Technically, the nature of the particles does
matter a bit. This can be taken into account
using the solute's activity coefficient. However,
this is a college-level topic.
Here is a good site with a good explanation:
Todd Clark, Office of Science
US Department of Energy
The colligative property: vapor pressure lowering is best explained from the
perspective of entropy. We can imagine that the driving force for a liquid
to go into the vapor phase is controlled by the difference in micro-states
or entropy of the liquid and gas phases -there is an entropy gain in going
into the gas phase. However, adding a non-volatile solute will increase the
entropy of the liquid phase without equivalently increasing the entropy of
the gas phase (since the solute is non-volatile) - it can be seen that the
number of micro-states for a solution is much higher than that of a pure
solvent. This means that the entropy gain in the solvent particles of the
solution going from liquid to gas phase is comparatively smaller than that
in the pure solvent. Thus there is less of a driving force to go into the
gas phase and therefore a lower number of particles in the gas phase and the
consequent lower vapor pressure.
I have seen text and heard some instructors explaining this phenomenon as
resulting from the solute particles physically blocking the escape of
solvent particles. This is wrong - as is clearly evident when the vapor
pressure of a pure solvent does not change when we place a porous cover over
the solvent. I suspect this explanation is given as a simplified explanation
- but I think this just introduces misconceptions and should be avoided.
Greg (Roberto Gregorius)
This was also my reply to a question regarding boiling point elevation:
We will focus mostly on the water molecules and a little bit on the salt
This phenomenon involves the law of entropy or the fact that the water
molecules want to move toward a state of disorder, or higher entropy. Just
imagine room temperature plain water in a pot, without solute, being in a
very ordered state, one molecule aligned right next to the other, a very
ordered liquid. At this time, there are also water molecules right above
the surface that have escaped the water from the pot, creating a vapor
pressure, moving from the more ordered liquid to a less ordered gas or
vapor...this to reach a certain level of entropy, or disorder.
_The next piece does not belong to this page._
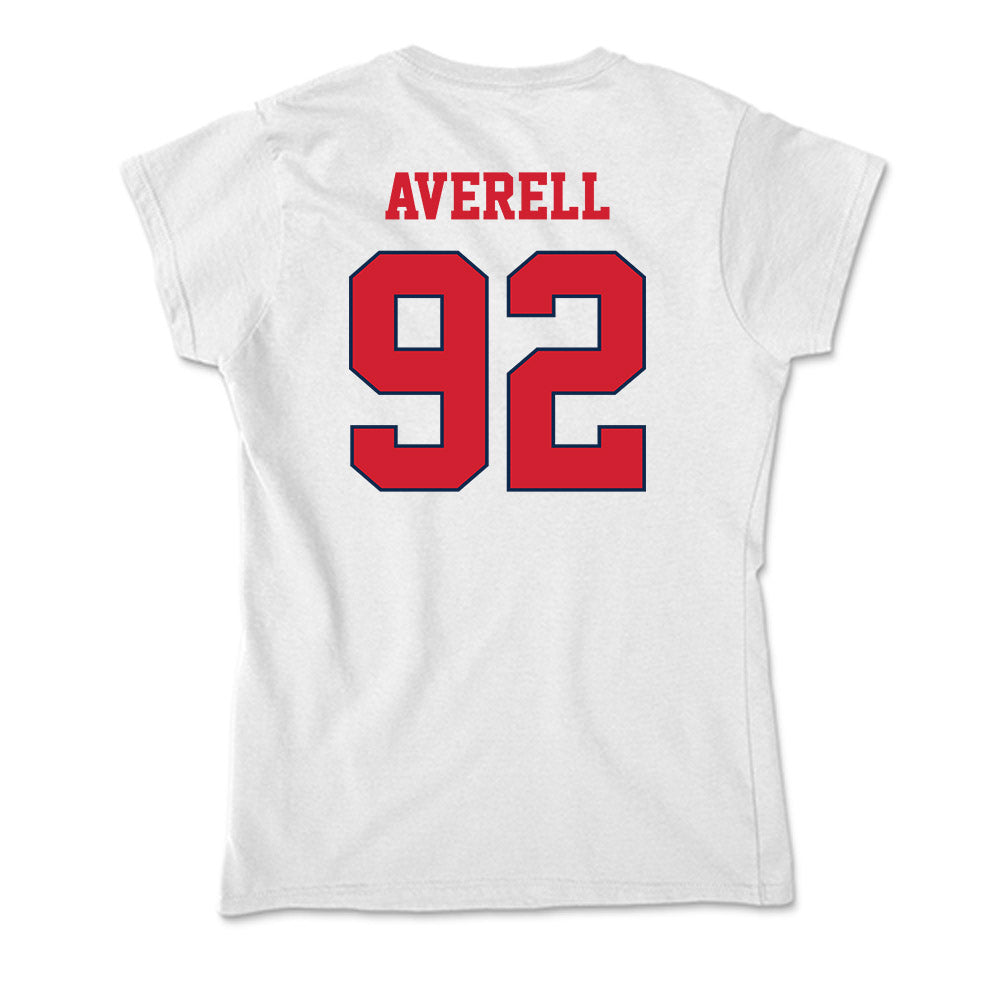 Fresno State - NCAA Football : Luke Averell - Soft Style Women’s T-Shirt-1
Now, in another pot of water, if you place some sodium and chloride ions
(salt) into the ordered water, the water molecules must move away from each
other to accommodate or dissolve the sodium and chloride ions. Now these
water molecules with salt ions between them are in a more disordered state
than they were without the salt ions. This means that less of them will
have to escape into the air above the surface to reach that same level of
entropy as with the plain water. It means that the water with the salt ions
will have a lower vapor pressure than the plain water, but both systems will
have the same level of entropy (disorder).
When you boil both liquids, you are putting heat (energy) into the system.
The plain water will reach boiling (a certain high vapor pressure) at 100°C
while the salt-water will reach boiling (the same exact high vapor
pressure) at a higher temperature.
The state of the salt ions entropy also adds to this. In short, when the
salt ions are dissolved in the water, they are in a disordered state that
they like, adding their entropy to the system. Now when the water molecules
evaporate and leave them behind, the salt ions must come back together in an
ordered state of salt crystals, thus losing entropy. This loss of entropy
also requires more energy (a higher temperature) to vaporize the water
molecules and crystallize the salt molecules.
Hope this helps.
The "simple" answer is that the more concentrated a solution is the fewer
molecules of the solvent there are at the surface of the solution so, as a
result, the lower is the vapor pressure of the solvent. As a result, as you
point out, it is the number of particles of solute (and not its chemical
identity) that determines the decrease in vapor pressure of the solvent. In
any case the solvent/solute/vapor are at equilibrium. The "real" answer is
much more complicated and does depend upon the interactions of solute and
solvent. The technical term for the simple case is "colligative properties"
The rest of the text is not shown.